===== MATERIAL PROVIDED

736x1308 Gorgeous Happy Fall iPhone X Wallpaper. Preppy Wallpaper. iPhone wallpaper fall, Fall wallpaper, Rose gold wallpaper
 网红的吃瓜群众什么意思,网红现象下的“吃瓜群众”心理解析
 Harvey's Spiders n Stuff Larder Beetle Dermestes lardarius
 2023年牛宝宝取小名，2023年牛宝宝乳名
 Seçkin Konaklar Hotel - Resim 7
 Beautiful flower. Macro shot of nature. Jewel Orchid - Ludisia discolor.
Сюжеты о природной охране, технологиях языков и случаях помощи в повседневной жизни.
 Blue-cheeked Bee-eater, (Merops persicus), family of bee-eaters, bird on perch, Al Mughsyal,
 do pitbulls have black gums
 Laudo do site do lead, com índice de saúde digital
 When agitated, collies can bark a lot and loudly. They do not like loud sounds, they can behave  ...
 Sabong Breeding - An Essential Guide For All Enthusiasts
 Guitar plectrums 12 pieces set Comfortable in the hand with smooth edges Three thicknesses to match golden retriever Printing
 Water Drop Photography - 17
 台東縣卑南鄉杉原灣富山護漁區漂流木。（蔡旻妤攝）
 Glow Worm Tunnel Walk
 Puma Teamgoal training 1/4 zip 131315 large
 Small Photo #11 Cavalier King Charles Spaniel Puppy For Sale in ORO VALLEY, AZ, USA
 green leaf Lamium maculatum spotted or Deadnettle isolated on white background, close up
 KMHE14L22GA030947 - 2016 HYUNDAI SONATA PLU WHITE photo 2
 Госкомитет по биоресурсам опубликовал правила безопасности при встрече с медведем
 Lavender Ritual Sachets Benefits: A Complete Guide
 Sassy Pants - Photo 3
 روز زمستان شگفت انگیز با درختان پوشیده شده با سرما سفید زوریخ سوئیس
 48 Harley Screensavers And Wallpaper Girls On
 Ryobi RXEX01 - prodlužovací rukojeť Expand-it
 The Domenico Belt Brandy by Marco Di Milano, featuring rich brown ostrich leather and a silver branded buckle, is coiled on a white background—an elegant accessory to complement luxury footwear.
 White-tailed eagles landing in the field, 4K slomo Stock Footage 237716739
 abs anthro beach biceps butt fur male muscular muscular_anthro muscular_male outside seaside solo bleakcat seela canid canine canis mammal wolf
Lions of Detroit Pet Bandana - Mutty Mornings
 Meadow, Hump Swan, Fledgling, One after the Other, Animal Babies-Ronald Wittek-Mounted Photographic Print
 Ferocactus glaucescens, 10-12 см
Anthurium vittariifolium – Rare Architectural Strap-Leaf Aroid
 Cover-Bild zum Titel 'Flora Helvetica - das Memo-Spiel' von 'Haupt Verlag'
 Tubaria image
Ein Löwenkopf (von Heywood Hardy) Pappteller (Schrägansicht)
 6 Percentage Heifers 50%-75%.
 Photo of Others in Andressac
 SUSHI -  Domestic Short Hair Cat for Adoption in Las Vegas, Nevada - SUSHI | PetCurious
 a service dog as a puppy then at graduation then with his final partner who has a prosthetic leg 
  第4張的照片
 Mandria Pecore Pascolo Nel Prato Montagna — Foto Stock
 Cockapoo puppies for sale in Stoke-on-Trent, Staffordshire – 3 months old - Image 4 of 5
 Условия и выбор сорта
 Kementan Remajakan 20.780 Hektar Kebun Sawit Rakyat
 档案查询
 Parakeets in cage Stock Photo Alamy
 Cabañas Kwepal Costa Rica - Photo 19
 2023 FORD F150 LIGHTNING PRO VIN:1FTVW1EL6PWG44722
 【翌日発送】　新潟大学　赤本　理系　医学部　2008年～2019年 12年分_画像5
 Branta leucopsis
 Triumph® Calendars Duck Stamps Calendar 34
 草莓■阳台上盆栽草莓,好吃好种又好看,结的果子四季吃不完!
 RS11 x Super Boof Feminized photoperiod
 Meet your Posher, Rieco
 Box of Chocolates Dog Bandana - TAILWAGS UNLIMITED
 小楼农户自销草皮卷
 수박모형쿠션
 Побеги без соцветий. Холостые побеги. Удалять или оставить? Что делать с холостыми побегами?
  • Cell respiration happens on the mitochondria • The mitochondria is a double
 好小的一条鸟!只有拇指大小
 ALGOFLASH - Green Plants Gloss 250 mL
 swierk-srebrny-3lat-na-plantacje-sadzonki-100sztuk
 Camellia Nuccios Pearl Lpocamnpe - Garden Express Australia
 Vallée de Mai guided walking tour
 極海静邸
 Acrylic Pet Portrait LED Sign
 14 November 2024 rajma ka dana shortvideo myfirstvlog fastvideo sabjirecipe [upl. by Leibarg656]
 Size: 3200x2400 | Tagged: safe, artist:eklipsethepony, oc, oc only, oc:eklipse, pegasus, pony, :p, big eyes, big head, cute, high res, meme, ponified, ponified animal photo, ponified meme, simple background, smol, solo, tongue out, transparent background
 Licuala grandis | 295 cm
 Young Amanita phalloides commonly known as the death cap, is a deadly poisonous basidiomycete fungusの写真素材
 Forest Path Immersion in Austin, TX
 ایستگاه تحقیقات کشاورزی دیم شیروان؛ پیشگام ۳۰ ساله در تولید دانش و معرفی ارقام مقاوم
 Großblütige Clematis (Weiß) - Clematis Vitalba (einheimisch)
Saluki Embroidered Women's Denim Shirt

==========

**WHAT TO PRODUCE**
Wherever a line of the records above contains the string "with", copy that line out.

**RESULT OF THIS EXERCISE**
 Guitar plectrums 12 pieces set Comfortable in the hand with smooth edges Three thicknesses to match golden retriever Printing
 a service dog as a puppy then at graduation then with his final partner who has a prosthetic leg 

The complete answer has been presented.